The high load test problem - thoughts?

Discussion in 'Development' started by Fuserleer, May 26, 2017.

  1. Fuserleer

    Fuserleer Radix Founder Staff Member

    Calling for thoughts on this "problem" and how to solve it.

    I'm sure you're all aware of the scalability possibilities that we have, and if you weren't already, you've no doubt seen the claims I've made on Twitter the past few days.

    On the back of those claims we now have to prove it, which is fine, I want to prove it, and do so in a public facing test net (not some closed off lab).

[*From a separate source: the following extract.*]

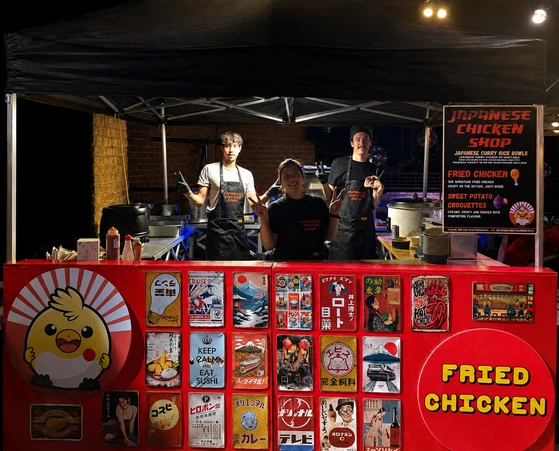 Japanese Chicken Shop team serving from an event stall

    But there is a problem.

    Due to the way that Radix scales, no single machine will be able to store all the transactions at high load. We'll have multiple machines serving different partitions, so while collectively they may be processing 100k TPS, each of them may only be reporting 2k TPS.

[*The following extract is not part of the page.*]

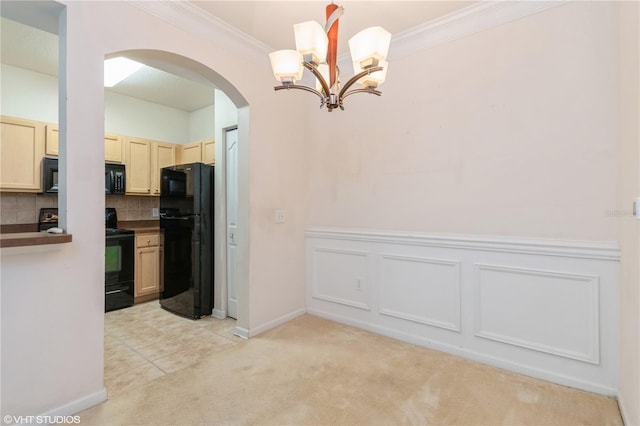 kitchen featuring backsplash, black appliances, crown molding, a notable chandelier, and light colored carpet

    I've done load testing recently while developing exceeding 70k TPS over 8 of my own machines, but none of them, even my fastest, would have any chance of storing all of those transactions and keeping up.

    Even tricks like turning off things like signature validation, because we know all nodes are honest, still wouldn't enable a single machine to get anywhere near.

    So I'm calling for ideas on how to run a high load test and report it unquestionably, over a number of machines, which as a network are processing say 100k TPS but individually are only processing a fraction of that.

    100k TPS is also too many for a single machine to produce (and broadcast over a single connection) so transaction production also needs to be over multiple nodes.

    Ideas?
     
    CryptoScalper likes this.
  2. bidji29

    bidji29 Beta Testers

    What about an "overwatch" of partition.

    It would not be doing any transaction stuff, just looking at all the machine/partition and checking their TPS.
    It would check the TPS of all machine on a same partition and report only the highest one.
    By doing it on all the partitions and adding them, you get the magic number.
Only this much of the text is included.